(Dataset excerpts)
BEGIN
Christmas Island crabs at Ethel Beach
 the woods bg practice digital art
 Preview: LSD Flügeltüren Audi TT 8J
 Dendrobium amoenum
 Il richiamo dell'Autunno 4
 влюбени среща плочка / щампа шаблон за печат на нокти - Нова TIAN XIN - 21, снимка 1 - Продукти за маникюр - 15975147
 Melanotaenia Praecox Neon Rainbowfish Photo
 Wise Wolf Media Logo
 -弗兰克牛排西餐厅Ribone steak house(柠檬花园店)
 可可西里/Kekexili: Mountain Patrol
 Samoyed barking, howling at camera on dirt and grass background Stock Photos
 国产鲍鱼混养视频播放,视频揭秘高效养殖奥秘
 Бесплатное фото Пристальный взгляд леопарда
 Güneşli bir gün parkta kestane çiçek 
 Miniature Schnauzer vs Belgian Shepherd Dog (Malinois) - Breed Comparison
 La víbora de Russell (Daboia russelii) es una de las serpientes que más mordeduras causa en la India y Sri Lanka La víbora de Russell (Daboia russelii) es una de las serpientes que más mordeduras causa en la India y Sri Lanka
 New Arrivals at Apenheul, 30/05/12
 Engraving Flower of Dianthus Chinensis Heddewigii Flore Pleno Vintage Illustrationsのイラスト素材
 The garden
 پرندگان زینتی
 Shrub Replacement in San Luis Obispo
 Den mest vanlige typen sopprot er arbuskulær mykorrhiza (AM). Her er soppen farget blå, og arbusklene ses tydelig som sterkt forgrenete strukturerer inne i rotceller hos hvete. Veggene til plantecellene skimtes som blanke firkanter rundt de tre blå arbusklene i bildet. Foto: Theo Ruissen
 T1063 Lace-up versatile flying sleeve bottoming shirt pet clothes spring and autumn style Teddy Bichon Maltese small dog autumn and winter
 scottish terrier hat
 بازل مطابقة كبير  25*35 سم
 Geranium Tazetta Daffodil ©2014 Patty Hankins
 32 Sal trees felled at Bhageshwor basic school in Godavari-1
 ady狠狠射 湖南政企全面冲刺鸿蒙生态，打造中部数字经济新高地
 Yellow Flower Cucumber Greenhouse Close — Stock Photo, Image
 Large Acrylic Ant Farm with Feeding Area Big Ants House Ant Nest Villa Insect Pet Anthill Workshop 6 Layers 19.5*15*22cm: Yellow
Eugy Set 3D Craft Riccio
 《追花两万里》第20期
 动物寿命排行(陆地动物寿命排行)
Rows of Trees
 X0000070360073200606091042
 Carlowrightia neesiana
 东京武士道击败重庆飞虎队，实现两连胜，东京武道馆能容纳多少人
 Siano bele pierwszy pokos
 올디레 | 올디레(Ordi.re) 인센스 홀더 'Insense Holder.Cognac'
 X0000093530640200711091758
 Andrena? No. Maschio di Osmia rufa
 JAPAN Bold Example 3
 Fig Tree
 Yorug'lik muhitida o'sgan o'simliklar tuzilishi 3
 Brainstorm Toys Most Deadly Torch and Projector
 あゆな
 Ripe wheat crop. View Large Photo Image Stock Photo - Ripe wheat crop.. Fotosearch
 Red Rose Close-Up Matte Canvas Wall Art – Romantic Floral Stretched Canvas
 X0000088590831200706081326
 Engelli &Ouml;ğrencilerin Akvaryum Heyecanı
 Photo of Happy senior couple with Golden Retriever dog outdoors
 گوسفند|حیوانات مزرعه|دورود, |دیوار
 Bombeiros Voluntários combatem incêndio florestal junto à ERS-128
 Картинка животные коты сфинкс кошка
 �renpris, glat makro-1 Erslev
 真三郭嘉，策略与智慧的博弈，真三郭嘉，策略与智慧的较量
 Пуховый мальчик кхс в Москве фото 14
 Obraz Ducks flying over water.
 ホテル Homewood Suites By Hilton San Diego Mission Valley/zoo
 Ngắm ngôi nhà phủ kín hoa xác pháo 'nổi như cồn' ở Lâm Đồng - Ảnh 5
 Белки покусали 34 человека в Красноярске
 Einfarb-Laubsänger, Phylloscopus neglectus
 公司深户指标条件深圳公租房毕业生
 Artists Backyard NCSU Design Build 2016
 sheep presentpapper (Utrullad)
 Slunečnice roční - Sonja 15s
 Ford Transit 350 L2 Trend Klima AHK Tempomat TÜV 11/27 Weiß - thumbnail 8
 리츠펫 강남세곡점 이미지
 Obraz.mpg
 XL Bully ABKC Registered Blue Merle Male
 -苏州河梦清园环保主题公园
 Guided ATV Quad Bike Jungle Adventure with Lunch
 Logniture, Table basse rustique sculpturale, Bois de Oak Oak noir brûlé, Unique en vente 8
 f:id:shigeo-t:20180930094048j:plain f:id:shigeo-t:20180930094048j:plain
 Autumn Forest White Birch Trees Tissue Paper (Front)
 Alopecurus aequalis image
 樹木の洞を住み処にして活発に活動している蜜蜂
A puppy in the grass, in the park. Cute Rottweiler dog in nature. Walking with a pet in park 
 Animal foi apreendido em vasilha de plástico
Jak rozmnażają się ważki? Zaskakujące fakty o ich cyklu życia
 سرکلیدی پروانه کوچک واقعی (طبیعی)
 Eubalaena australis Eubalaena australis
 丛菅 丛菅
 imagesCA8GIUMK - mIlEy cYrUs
END
:: About this task ::
Reproduce each entry above character for character.

:: Response ::
Christmas Island crabs at Ethel Beach
 the woods bg practice digital art
 Preview: LSD Flügeltüren Audi TT 8J
 Dendrobium amoenum
 Il richiamo dell'Autunno 4
 влюбени среща плочка / щампа шаблон за печат на нокти - Нова TIAN XIN - 21, снимка 1 - Продукти за маникюр - 15975147
 Melanotaenia Praecox Neon Rainbowfish Photo
 Wise Wolf Media Logo
 -弗兰克牛排西餐厅Ribone steak house(柠檬花园店)
 可可西里/Kekexili: Mountain Patrol
 Samoyed barking, howling at camera on dirt and grass background Stock Photos
 国产鲍鱼混养视频播放,视频揭秘高效养殖奥秘
 Бесплатное фото Пристальный взгляд леопарда
 Güneşli bir gün parkta kestane çiçek 
 Miniature Schnauzer vs Belgian Shepherd Dog (Malinois) - Breed Comparison
 La víbora de Russell (Daboia russelii) es una de las serpientes que más mordeduras causa en la India y Sri Lanka La víbora de Russell (Daboia russelii) es una de las serpientes que más mordeduras causa en la India y Sri Lanka
 New Arrivals at Apenheul, 30/05/12
 Engraving Flower of Dianthus Chinensis Heddewigii Flore Pleno Vintage Illustrationsのイラスト素材
 The garden
 پرندگان زینتی
 Shrub Replacement in San Luis Obispo
 Den mest vanlige typen sopprot er arbuskulær mykorrhiza (AM). Her er soppen farget blå, og arbusklene ses tydelig som sterkt forgrenete strukturerer inne i rotceller hos hvete. Veggene til plantecellene skimtes som blanke firkanter rundt de tre blå arbusklene i bildet. Foto: Theo Ruissen
 T1063 Lace-up versatile flying sleeve bottoming shirt pet clothes spring and autumn style Teddy Bichon Maltese small dog autumn and winter
 scottish terrier hat
 بازل مطابقة كبير  25*35 سم
 Geranium Tazetta Daffodil ©2014 Patty Hankins
 32 Sal trees felled at Bhageshwor basic school in Godavari-1
 ady狠狠射 湖南政企全面冲刺鸿蒙生态，打造中部数字经济新高地
 Yellow Flower Cucumber Greenhouse Close — Stock Photo, Image
 Large Acrylic Ant Farm with Feeding Area Big Ants House Ant Nest Villa Insect Pet Anthill Workshop 6 Layers 19.5*15*22cm: Yellow
Eugy Set 3D Craft Riccio
 《追花两万里》第20期
 动物寿命排行(陆地动物寿命排行)
Rows of Trees
 X0000070360073200606091042
 Carlowrightia neesiana
 东京武士道击败重庆飞虎队，实现两连胜，东京武道馆能容纳多少人
 Siano bele pierwszy pokos
 올디레 | 올디레(Ordi.re) 인센스 홀더 'Insense Holder.Cognac'
 X0000093530640200711091758
 Andrena? No. Maschio di Osmia rufa
 JAPAN Bold Example 3
 Fig Tree
 Yorug'lik muhitida o'sgan o'simliklar tuzilishi 3
 Brainstorm Toys Most Deadly Torch and Projector
 あゆな
 Ripe wheat crop. View Large Photo Image Stock Photo - Ripe wheat crop.. Fotosearch
 Red Rose Close-Up Matte Canvas Wall Art – Romantic Floral Stretched Canvas
 X0000088590831200706081326
 Engelli &Ouml;ğrencilerin Akvaryum Heyecanı
 Photo of Happy senior couple with Golden Retriever dog outdoors
 گوسفند|حیوانات مزرعه|دورود, |دیوار
 Bombeiros Voluntários combatem incêndio florestal junto à ERS-128
 Картинка животные коты сфинкс кошка
 �renpris, glat makro-1 Erslev
 真三郭嘉，策略与智慧的博弈，真三郭嘉，策略与智慧的较量
 Пуховый мальчик кхс в Москве фото 14
 Obraz Ducks flying over water.
 ホテル Homewood Suites By Hilton San Diego Mission Valley/zoo
 Ngắm ngôi nhà phủ kín hoa xác pháo 'nổi như cồn' ở Lâm Đồng - Ảnh 5
 Белки покусали 34 человека в Красноярске
 Einfarb-Laubsänger, Phylloscopus neglectus
 公司深户指标条件深圳公租房毕业生
 Artists Backyard NCSU Design Build 2016
 sheep presentpapper (Utrullad)
 Slunečnice roční - Sonja 15s
 Ford Transit 350 L2 Trend Klima AHK Tempomat TÜV 11/27 Weiß - thumbnail 8
 리츠펫 강남세곡점 이미지
 Obraz.mpg
 XL Bully ABKC Registered Blue Merle Male
 -苏州河梦清园环保主题公园
 Guided ATV Quad Bike Jungle Adventure with Lunch
 Logniture, Table basse rustique sculpturale, Bois de Oak Oak noir brûlé, Unique en vente 8
 f:id:shigeo-t:20180930094048j:plain f:id:shigeo-t:20180930094048j:plain
 Autumn Forest White Birch Trees Tissue Paper (Front)
 Alopecurus aequalis image
 樹木の洞を住み処にして活発に活動している蜜蜂
A puppy in the grass, in the park. Cute Rottweiler dog in nature. Walking with a pet in park 
 Animal foi apreendido em vasilha de plástico
Jak rozmnażają się ważki? Zaskakujące fakty o ich cyklu życia
 سرکلیدی پروانه کوچک واقعی (طبیعی)
 Eubalaena australis Eubalaena australis
 丛菅 丛菅
 imagesCA8GIUMK - mIlEy cYrUs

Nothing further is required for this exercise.